Lansdale knows that the “Huk” live on the support and sympathy of the populations they blend in with. These rural populations retain vigorous sets of superstitions and beliefs. So, Lansdale’s covert teams wait in the mountain forests, stalking Huk patrols. They take one, usually the laggard of the group. That rebel is killed, drained of all blood, and inflicted with suspicious-looking bite wounds, before being left on the trail to be found by another patrol the next day. The “aswang”, a primordial Philippine vampire, had come to the hills of the Huk. The superstitious among the Huk refuse to go out at night. Villagers begin to whisper that the Huk have incurred the wrath of the supernatural, and that any sympathizer would be held guilty by association. Villagers who openly aid the Huk would wake up to an evil eye painted into the side of their homes as a warning. Whenever there was an “aswang” killing, the Huk decamp to other hills as the villager sympathy that was their shield evaporated. By 1954, the Philippine government was ready to fight, but the Huk were already ready to surrender.
The use of narratives in war is as old as war itself.
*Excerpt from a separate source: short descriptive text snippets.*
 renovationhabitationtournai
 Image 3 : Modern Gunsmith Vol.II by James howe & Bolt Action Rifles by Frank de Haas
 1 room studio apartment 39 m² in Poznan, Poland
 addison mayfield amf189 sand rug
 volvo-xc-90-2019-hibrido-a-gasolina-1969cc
According to Finlayson and Corman’s “The Military Interest in Narrative”, a narrative is composed of “story” and “discourse”. “Story” is composed of the abstract elements of the narrative: the characters, the conflict, the plot, the setting. The “discourse” is composed of the more concrete elements of a narrative: the expression of a story by a particular storyteller in a particular time and place using a particular medium of communication towards a particular audience. War has always had use for stories, whose particulars vary from culture to culture. What evolves is the discourse.
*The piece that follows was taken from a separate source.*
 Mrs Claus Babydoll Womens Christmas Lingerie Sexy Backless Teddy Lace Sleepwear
Where war was typically fought between peer armies engaged in formally declared hostilities, much of narrative discourse was confined to use within the forces as a defense against crumbling morale. Use of narratives against the enemy was often for purposes of deception and confusion. But as modern warfare evolves towards asymmetric engagements with non-state actors far from peer-level capacity, narrative discourse has become the main thrust of warfare. “Winning the peace” has become just as vital as winning battles.
Faced with smaller, lightly armed enemies whose chief advantage is in the religious, political or economic narrative that drove their insurgency to begin with, the modern state military must maintain a coherent narrative message of its own. This forces the modern army to communicate strategically, in order for their preferred target narratives to sync with local cultural narratives. This means that everything that can outwardly communicate something to the target audience must be aligned to a strategic narrative, from the rules of engagement to the projects undertaken for the target communities. A “Shock and Awe” narrative strategy will command a vastly different strategic communication plan than a “Hearts and Minds” strategy, for example. The US military tried both over the course of the most recent Iraq War and the troubled peace that followed, but the difficulties of implementation led to mixed results.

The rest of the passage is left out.